Cockatilt Review
+ Universal App
$0.99 Buy now!

Cockatilt Review

Our Review by Nadia Oxford on January 14th, 2015
Rating: starstarstarhalfstarblankstar :: WIBBLY-WOBBLY
Share This:

Cockatilt is a fluffy-fun game at its core, though some design issues pluck the experience bald in places.

Developer: Frenzied Marmot
Price: $0.99
Version Reviewed: 1.0.6
App Reviewed on: iPhone 5

Graphics / Sound Rating: starstarstarhalfstarblankstar
User Interface Rating: starstarstarhalfstarblankstar
Gameplay Rating: starstarstarhalfstarblankstar
Replay Value Rating: starstarstarhalfstarblankstar

Overall Rating: starstarstarhalfstarblankstar

Cockatiels are great pets. They're clean, they're smart, they're even-tempered, and they can be taught to talk (so for most of our viewing audience at home, that translates to "they can be taught to repeat bad words.").

Cockatilt, by Frenzied Marmot, is a physics game that captures another cockatiel-related joy. The birds tend to be adorably, er, fluffy. In fact, Cockatilt is all about guiding a rotund bird friend to its food dish. If you fail, the poor bird will surely starve to death. Heavens!

Cockatilt is huggably adorable, and as a physics game it's pleasantly simple. You simply point the little bird in the direction it's supposed to roll. With a proper set-up and a bit of luck, the cockatiel (her name is Fritter, by the way) will hopefully land on her food dish and feast.

Experts will want to chart Fritter's course in a manner that lets her collect the seeds and apples laying around each stage. Some stages actually divide the bonus apples into halves and quarters, making their collection all the more challenging.

Cockatilt is a solid physics experience, but it has a few bare spots in its feathery pelt. For starters, you send Fritter rolling by pulling forwards, not backwards like most physics games demand. Think of the Angry Birds slingshot - it's familiar and it has real weight, while Cockatilt's method of propulsion feels hollow and alien.

Learning to stretch forward instead of backwards takes time, but you admittedly get used to it. A bigger problem is how Cockatilt resets stage accessories (movable perches and the like) every time you restart a level.

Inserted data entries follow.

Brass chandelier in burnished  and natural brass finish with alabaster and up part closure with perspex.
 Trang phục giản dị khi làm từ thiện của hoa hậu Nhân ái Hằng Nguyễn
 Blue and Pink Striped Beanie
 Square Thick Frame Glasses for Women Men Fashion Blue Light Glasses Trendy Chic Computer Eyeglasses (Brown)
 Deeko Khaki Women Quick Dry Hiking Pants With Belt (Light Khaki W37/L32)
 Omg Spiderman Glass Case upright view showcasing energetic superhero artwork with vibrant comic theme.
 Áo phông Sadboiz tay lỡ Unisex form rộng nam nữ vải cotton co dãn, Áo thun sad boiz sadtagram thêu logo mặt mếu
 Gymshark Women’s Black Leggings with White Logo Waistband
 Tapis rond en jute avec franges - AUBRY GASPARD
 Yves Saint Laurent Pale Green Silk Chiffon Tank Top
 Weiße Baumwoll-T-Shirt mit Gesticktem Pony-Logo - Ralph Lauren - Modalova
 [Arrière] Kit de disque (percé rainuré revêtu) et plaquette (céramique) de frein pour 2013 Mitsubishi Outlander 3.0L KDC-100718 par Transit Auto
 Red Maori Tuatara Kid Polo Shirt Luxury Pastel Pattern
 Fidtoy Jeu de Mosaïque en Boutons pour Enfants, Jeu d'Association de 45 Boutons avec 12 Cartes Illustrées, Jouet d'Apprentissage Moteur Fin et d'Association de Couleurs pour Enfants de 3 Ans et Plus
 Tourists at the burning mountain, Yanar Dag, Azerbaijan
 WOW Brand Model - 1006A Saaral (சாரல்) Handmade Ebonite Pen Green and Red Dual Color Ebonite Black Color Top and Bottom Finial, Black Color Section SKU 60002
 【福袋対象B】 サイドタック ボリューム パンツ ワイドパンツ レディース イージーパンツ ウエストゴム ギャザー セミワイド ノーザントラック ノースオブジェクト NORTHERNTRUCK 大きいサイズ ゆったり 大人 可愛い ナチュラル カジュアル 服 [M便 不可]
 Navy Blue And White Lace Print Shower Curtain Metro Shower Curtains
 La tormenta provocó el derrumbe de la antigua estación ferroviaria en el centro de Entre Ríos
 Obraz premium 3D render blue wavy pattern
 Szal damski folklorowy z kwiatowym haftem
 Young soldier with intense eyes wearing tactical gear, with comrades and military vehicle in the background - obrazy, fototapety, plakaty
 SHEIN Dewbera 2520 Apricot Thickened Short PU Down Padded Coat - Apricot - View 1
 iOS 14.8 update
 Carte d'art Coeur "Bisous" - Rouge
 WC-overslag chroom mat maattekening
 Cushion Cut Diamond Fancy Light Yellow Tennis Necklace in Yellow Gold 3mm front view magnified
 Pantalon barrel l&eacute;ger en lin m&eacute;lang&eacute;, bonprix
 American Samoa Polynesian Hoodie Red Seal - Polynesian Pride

When you carefully set up a stage so that it resembles a Wile E. Coyote scheme, accidentally mess up Fritter's angle of departure, then discover the game doesn't preserve your accessories' previous settings, it tends to make you madder than a wet hen. Simply keeping everything in place and then giving the player the option to reset a level is far preferable. In the same vein, the current level reset button is on a separate screen that's meant to emulate a pull-down shade. It's very cute, but it's tedious to access when you need to start over (which is often).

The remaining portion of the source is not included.